Gozar, con el martirio, puede parecer cosa de mentes perturbadas porque, en el sentir del siglo, el dolor se evade y se oculta, así, la lección de humildad que supone el mismo. Sin embargo, cuando se entrega la vida diciendo, como hizo Esteban “Señor Jesús, recibe mi espíritu” (Hch 7, 59) se ha comprendido, a la perfección, la situación espiritual en la que se encuentra. Es, en todo caso, una perturbación divina y una forma propia de ser del discípulo de Cristo.

Luego, a lo largo de los siglos, aquellos primeros trescientos años hasta Constantino y, luego, desde entonces hasta ahora mismo, otros muchos hermanos en la fe han dado sus vidas sabiendo lo que hacían y, sobre todo, las consecuencias que una actitud de conversión podía acarrearles.

Los mártires de la conversión tienen nombre y apellidos que los identifican ante otros hombres.
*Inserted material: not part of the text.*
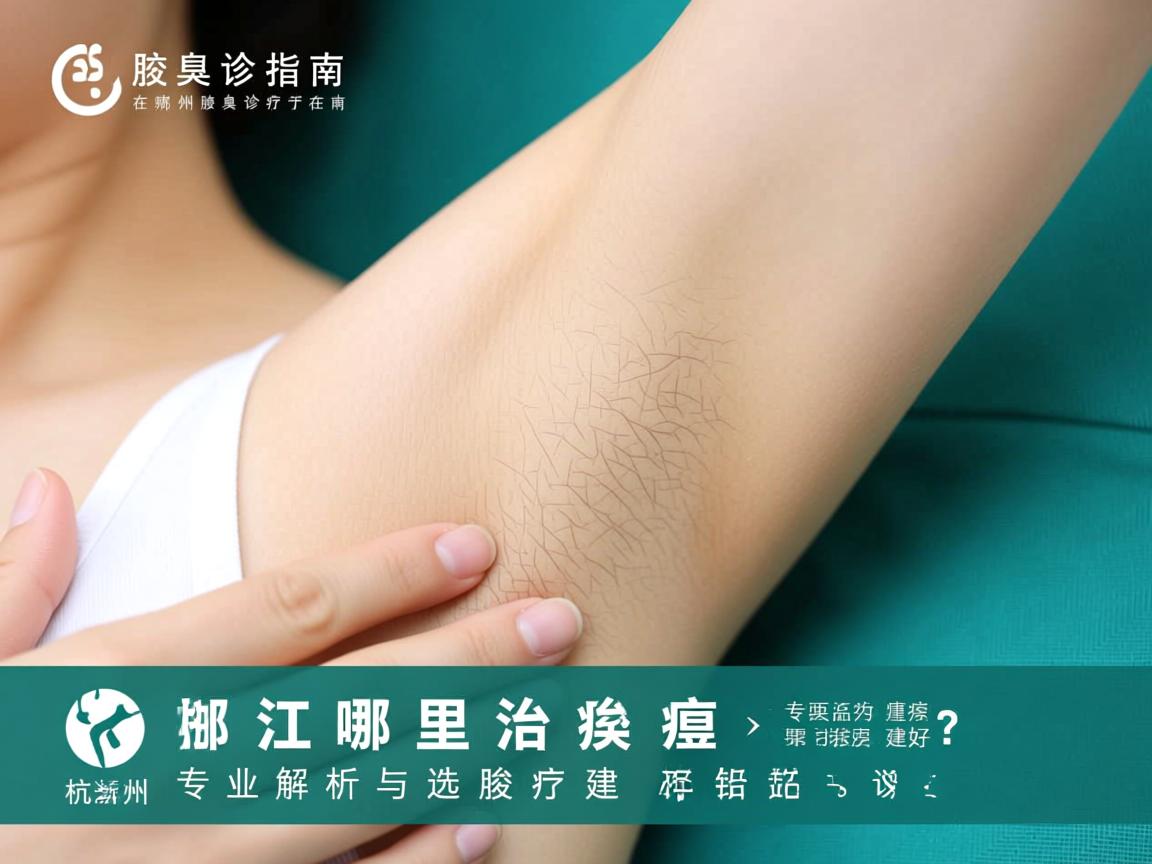 杭州腋臭诊疗指南,在浙江哪里治疗腋臭好?专业解析与选择建议 杭州腋臭诊疗指南,在浙江哪里治疗腋臭好?专业解析与选择建议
Sin embargo, el que más los cualifica para pertenecer al grupo de los justos es el que muestra la cruz (“y muerte de cruz” nos recuerda Filipenses 2, 8) como herramienta personal de vida y de existencia total.

Cruz que puede ser de muchas formas o, mejor, puede tener personales aristas y cruceros de las propias maderas que soportan, sobre los hombros del espíritu, los sacrificados mártires que con su ejemplo hacen que sintamos gozo de ser cristianos y veamos cómo fructifica la semilla de la conversión.

Convertirse, así, y dar la vida por tal causa, no es mera coincidencia ni casualidad sino, sobre todo, resultado de una opción vital que acaba, empezando, por identificar la sangre de Cristo con la que derrama el hermano que ha querido completar el sacrificio del Hijo de Dios con tal efusión espiritual y algo más que espiritual.

Entendemos, así, que mártir se puede ser de dos formas: el que gozando de su fe le dan muerte por odio hacia ella y el que viniendo de otra confesión religiosa, suma, suman sus verdugos, el odio por la religión cristiana al abandono de la que creen legítima y única. Doble odio, doble gozo para quien así sufre porque lo hace en nombre y por Jesucristo, perfecto Dios y perfecto hombre según nos recuerda Atanasio de Alejandría en su Símbolo.

Venir a ser cristianos para perder la vida física por tal causa no es un contrasentido sino, precisamente, una posible consecuencia según el siglo está, de lo que el amor puede traer a la vida de un hijo de Dios.

Es más… seguramente, las personas que se convierten al cristianismo llevan implícito el sello del martirio en sus propias vidas. Y lo aceptan con el gozo de aquellos que se saben salvados.